| EXERCISE DESCRIPTION |
Where does "chatting" appear in the data? Return each line that holds it.

| DATA LISTING |
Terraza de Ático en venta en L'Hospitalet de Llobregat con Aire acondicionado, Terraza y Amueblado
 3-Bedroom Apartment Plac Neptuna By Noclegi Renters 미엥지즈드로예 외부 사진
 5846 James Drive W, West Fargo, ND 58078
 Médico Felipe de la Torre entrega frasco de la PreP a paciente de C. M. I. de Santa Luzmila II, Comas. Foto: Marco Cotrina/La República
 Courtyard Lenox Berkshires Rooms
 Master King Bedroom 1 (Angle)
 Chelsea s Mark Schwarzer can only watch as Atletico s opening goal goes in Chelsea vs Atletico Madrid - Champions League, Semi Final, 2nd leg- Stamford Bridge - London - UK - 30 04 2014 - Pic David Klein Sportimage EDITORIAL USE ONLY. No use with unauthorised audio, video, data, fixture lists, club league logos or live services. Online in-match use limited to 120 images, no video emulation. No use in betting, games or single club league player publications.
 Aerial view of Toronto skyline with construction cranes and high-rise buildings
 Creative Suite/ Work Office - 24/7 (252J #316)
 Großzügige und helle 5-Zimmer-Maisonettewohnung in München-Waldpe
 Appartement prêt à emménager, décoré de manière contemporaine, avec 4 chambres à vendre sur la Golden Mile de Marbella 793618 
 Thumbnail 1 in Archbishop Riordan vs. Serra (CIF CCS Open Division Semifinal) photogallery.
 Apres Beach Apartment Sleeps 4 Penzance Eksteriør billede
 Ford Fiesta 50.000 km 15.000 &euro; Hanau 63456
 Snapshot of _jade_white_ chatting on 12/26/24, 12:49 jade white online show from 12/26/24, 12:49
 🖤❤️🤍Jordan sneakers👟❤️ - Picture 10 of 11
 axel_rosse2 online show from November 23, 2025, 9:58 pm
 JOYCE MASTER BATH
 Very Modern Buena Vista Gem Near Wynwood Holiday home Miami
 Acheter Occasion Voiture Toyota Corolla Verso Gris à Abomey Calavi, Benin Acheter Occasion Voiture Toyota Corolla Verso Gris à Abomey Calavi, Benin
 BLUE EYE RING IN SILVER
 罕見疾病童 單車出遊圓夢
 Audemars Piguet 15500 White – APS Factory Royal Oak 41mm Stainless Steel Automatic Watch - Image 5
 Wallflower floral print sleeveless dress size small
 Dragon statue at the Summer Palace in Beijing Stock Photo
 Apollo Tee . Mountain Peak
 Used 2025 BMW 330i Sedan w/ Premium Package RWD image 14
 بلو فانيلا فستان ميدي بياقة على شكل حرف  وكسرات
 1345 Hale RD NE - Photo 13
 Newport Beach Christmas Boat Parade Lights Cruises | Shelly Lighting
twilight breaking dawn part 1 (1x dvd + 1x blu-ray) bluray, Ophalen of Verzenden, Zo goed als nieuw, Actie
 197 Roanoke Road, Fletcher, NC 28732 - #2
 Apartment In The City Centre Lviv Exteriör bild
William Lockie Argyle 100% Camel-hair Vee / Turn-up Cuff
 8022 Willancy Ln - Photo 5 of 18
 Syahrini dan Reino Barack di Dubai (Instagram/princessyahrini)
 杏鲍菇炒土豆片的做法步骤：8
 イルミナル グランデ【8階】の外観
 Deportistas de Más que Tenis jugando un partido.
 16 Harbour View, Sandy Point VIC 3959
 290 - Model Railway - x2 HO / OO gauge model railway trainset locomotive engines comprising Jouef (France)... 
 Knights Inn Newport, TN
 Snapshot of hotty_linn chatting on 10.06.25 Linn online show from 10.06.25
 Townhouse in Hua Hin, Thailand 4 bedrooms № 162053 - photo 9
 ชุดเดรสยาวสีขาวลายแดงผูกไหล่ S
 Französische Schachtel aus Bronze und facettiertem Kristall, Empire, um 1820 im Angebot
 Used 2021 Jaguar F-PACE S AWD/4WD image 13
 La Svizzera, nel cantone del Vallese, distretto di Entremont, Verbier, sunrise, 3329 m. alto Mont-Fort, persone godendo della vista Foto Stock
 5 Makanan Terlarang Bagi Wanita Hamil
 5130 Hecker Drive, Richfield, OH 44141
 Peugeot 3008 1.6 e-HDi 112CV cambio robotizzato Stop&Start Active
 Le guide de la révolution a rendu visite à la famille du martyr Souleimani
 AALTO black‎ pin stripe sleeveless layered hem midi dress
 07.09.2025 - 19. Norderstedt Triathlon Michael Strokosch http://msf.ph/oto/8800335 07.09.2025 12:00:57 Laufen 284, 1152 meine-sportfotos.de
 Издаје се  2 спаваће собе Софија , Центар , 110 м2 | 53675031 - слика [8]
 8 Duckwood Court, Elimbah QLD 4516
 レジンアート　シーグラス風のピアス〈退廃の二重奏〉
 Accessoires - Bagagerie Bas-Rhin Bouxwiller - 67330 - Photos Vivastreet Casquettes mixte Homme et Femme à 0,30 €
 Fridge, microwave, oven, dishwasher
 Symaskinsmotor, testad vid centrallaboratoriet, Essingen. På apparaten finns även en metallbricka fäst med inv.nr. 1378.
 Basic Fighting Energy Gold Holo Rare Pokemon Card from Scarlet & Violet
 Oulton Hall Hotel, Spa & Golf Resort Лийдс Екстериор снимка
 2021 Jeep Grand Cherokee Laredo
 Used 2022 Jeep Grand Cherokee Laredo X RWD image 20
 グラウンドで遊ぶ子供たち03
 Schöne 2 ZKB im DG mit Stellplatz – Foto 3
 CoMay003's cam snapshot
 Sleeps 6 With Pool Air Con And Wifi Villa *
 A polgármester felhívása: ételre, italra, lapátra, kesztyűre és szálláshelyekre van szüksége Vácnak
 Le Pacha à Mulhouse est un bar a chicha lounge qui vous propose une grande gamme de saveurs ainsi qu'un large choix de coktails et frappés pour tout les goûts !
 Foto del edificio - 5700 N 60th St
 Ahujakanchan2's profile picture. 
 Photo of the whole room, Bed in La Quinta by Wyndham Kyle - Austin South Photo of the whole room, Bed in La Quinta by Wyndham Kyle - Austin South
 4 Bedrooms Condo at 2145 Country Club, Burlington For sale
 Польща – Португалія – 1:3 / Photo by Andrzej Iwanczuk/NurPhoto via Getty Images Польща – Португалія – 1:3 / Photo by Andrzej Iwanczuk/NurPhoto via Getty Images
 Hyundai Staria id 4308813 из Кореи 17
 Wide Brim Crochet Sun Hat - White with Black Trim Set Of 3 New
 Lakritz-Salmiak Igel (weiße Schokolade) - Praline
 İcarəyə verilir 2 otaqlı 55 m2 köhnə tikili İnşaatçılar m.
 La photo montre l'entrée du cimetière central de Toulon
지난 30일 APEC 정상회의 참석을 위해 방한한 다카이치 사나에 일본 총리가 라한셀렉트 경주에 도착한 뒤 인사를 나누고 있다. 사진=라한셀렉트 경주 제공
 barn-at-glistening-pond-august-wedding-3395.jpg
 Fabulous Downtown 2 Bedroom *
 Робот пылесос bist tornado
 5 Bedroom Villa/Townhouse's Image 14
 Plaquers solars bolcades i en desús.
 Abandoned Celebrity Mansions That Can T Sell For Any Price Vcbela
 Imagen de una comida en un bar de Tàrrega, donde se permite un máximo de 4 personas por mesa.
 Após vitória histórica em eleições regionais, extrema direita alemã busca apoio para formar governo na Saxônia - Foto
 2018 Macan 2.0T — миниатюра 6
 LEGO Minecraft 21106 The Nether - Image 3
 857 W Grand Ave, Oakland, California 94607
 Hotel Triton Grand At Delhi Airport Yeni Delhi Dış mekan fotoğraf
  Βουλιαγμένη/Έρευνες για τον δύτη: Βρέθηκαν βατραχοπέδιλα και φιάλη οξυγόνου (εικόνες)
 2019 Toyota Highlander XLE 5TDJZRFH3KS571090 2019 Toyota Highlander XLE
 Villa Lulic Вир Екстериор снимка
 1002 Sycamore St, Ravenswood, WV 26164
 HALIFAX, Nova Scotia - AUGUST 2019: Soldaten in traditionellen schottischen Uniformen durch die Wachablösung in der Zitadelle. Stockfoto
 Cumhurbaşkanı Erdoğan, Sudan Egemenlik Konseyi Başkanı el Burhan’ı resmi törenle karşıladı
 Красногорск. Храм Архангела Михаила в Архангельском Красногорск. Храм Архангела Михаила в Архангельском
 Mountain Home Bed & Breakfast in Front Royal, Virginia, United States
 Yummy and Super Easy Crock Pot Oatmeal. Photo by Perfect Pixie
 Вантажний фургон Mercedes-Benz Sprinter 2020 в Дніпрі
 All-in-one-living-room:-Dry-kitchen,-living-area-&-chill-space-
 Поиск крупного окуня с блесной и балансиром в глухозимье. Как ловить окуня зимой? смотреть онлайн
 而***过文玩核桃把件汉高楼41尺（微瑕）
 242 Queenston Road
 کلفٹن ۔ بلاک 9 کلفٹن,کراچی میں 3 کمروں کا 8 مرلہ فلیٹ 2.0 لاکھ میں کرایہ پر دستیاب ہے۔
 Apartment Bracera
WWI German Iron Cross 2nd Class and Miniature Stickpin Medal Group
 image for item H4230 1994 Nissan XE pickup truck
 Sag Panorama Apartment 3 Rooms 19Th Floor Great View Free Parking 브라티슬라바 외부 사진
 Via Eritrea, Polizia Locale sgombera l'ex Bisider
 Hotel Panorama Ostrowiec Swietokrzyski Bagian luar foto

| OUTPUT OF THE TASK |
 Snapshot of _jade_white_ chatting on 12/26/24, 12:49 jade white online show from 12/26/24, 12:49
 Snapshot of hotty_linn chatting on 10.06.25 Linn online show from 10.06.25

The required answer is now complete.